P A I : Là encore il faut essayer de voir la chose dans sa globalité. Vous avez un besoin d’accès au droit qui augmente en France. C’est normal parce que c’était de plus en plus compliqué, il y a de plus en plus de situations qui obligent à avoir un recours au juge, ne serait-ce que les affaires familiales. Vous avez également toute une partie de la population qui n’a pas les moyens de faire face à un procès. L’Etat voit donc grossir avec inquiétude le budget de l’aide juridictionnelle. Je crois qu’il est temps de poser la problématique comme le fait le rapport donc vous parlez. Ce rapport dit où nous en sommes et pose les questions de savoir si l’on va vers une sécurité sociale judiciaire. Mais l’Etat a-t-il les moyens de se payer une deuxième sécurité sociale avec les déficits ou est-ce qu’il faut trouver d’autres solutions ? Nous sommes partisans d’essayer de trouver d’autres solutions parce que nous sommes conscients qu’une sécurité sociale judiciaire conduirait à une sorte de fonctionnarisation de la profession dont nous ne voulons pas. En revanche il va falloir se montrer imaginatifs et nous sommes à la recherche de formules. La franchise c’est quelque chose qui fait peur et à juste titre parce qu’on se dit que ce sont encore les pauvres qui vont payer. On n'a pas encore tranché sur ce point. Ça a quand même pour intérêt de responsabiliser un peu les gens. Cela dit ce n’est pas ça qui va arranger le problème.
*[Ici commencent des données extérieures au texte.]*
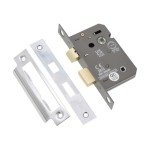 Polished Chrome Bathroom Mortice Lock - 65mm
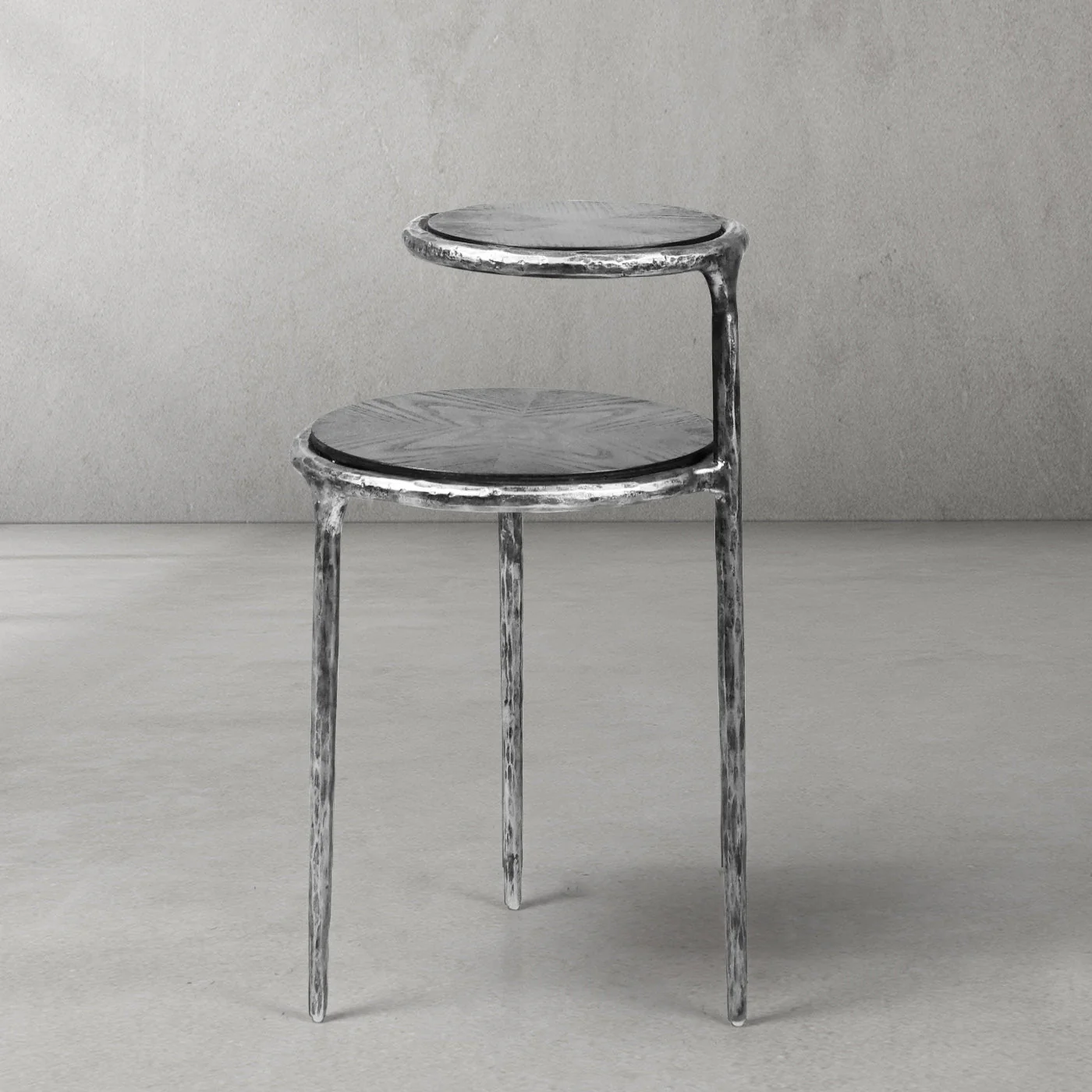 Hand-Forged Metal Tiered Accent Table - Image 15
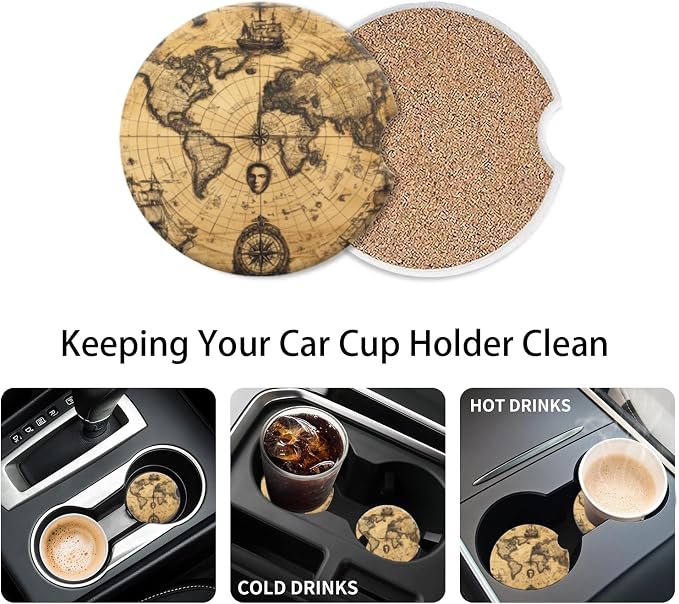 Cup Holder for Car,Rustic Ancient World Map Print Ceramic Coasters Non-Slip Cup Holder Insert with Fingertip Grip, Auto Interior Accessories for Women & Men,Pack of 2, 2.56In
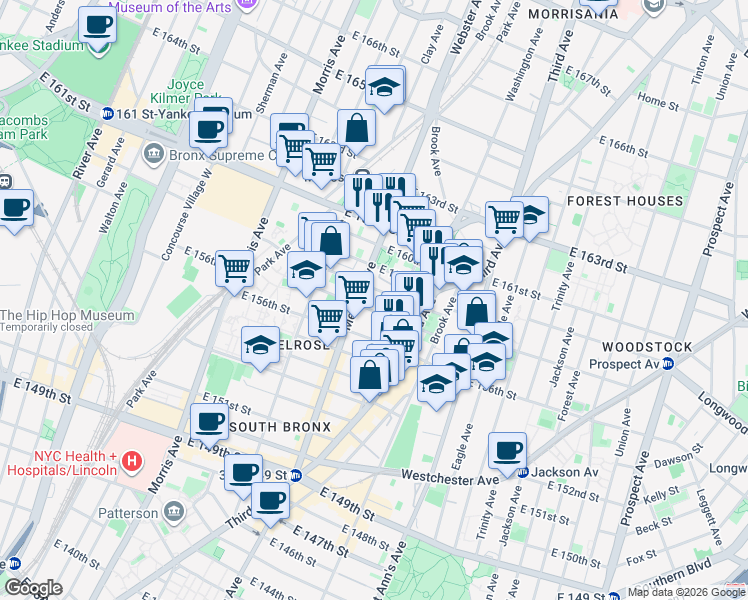 map of restaurants, bars, coffee shops, grocery stores, and more near 3103 Third Avenue in Bronx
J-J B : Peut-on encore condamner sur une intime conviction ? Doit-on toujours pouvoir condamner sur une intime conviction ?
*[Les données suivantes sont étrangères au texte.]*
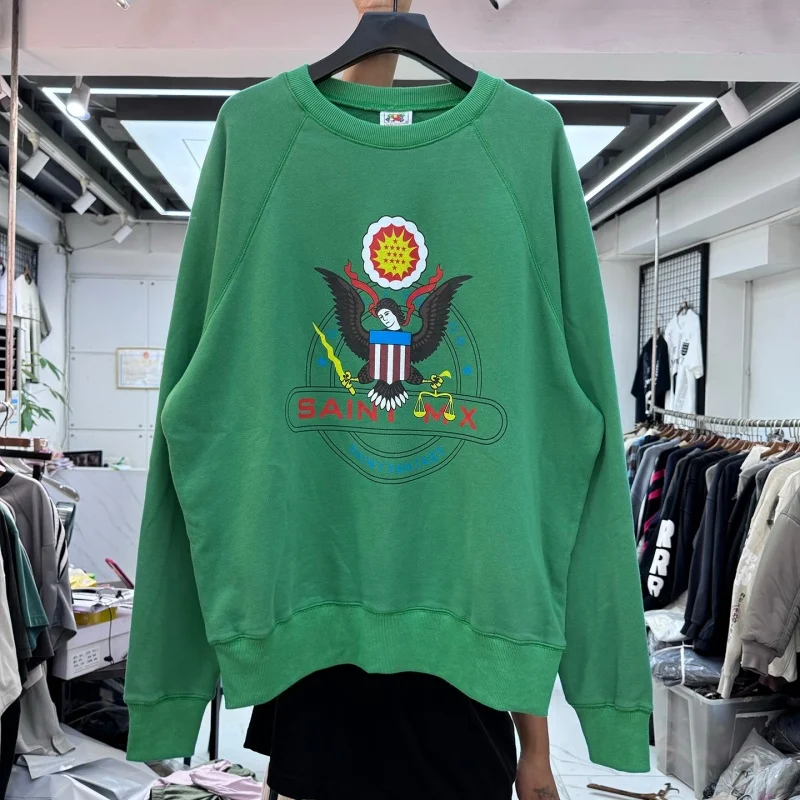 

25SS New Themis Statue Printed Vintage Saint Hoodie High Street Men Women Casual Washed Do Old Round Neck Sweatshirt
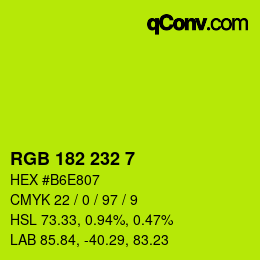 Color code: RGB 182 232 7 | qconv.com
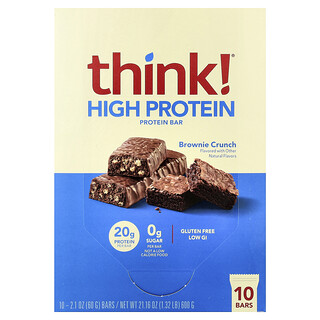Think !, Barras com Alto Teor de Proteína, Brownie Crocante, 10 barras, 60 g (2,1 oz) cada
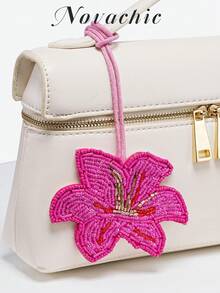 1pc Handmade Beaded Flower Bag Charm Suitable For Daily Bag Matching (Charm Only No Bag Included) Y2K - Hot Pink - View 2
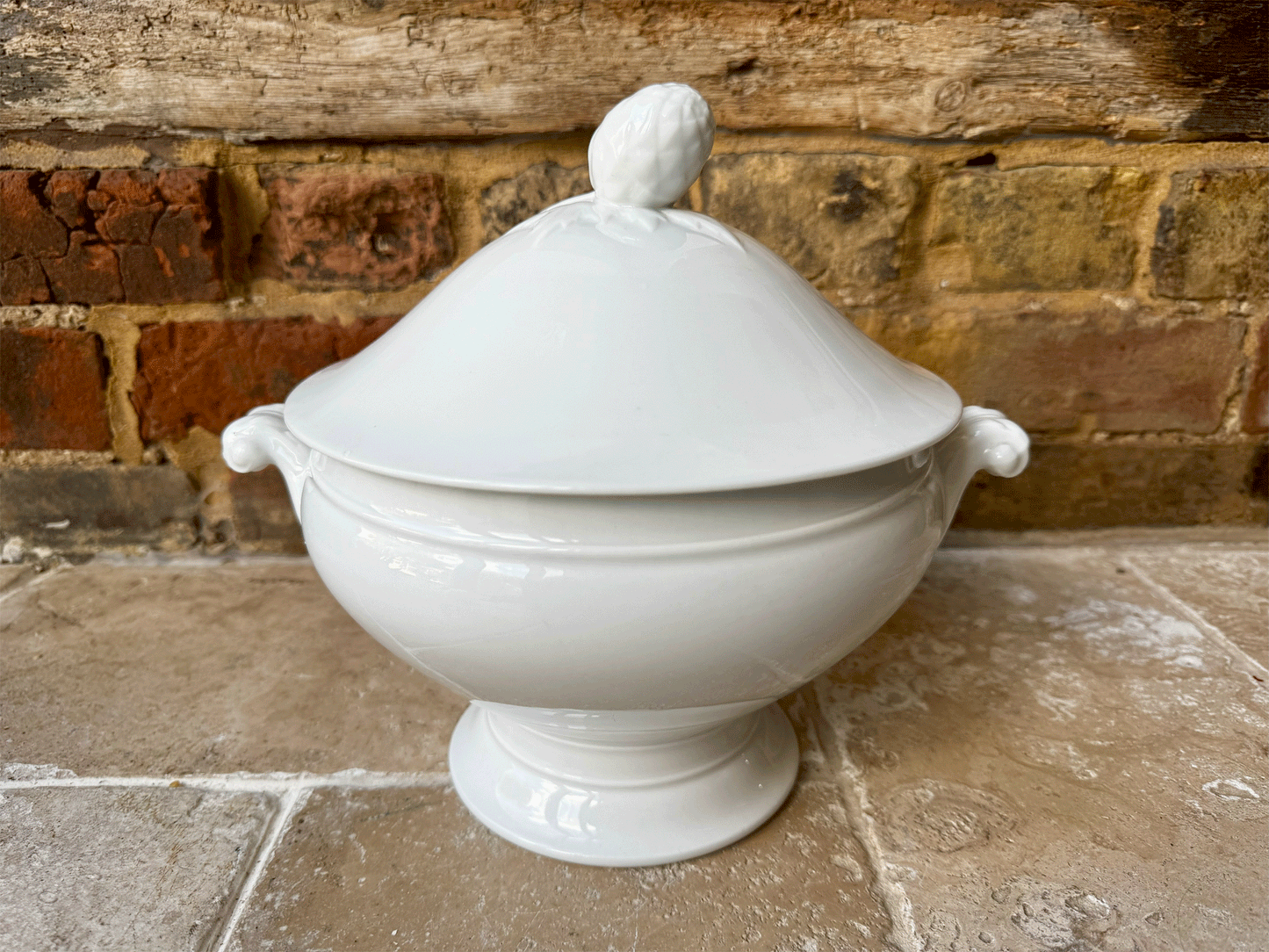 large antique french plain white ironstone soupiere tureen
P A I : C’est tout le système de la preuve du droit pénal français. C’est vrai que pour les téléspectateurs français qui voit la justice à travers les séries américaines et ils ne comprennent pas vraiment ce qui se passe dans leurs tribunaux correctionnels. Ils voient que pour un vol de voiture dans tel feuilleton américain, on voit réunir un jury et une très longue audience, alors qu’ils vont passer pour les mêmes faits en France au flagrant délit ou après trois minutes de débat ils risquent de prendre une peine d’emprisonnement. C’est vrai que les gens ne comprennent pas très bien notre système par rapport à celui qu’ils voient quotidiennement à la télévision.

J-J B : Je ne vais pas vous demander de vous prononcer sur le procès Colonna mais simplement, s’il n’y a pas de preuve… Est ce qu’on peut condamner Yvan Colonna ?
P A I : S’il n’y a pas de preuve non. Il ne suffit pas, dans ce type d’affaire, de dire : je pense que c’est lui. Le doute doit toujours profiter à l’accusé. J’en profite pour vous dire que je regrette profondément que ce ne soit pas des jurys populaires y compris dans les affaires de terrorisme. Parce que c’est au peuple de juger ces affaires. J’ai le plus grand respect pour les magistrats qui composent ces jurys mais composer des cours spéciales pour ce type d’affaire, c’est d’une certaine façon faire un cadeau à ceux qui s’en prennent à la démocratie.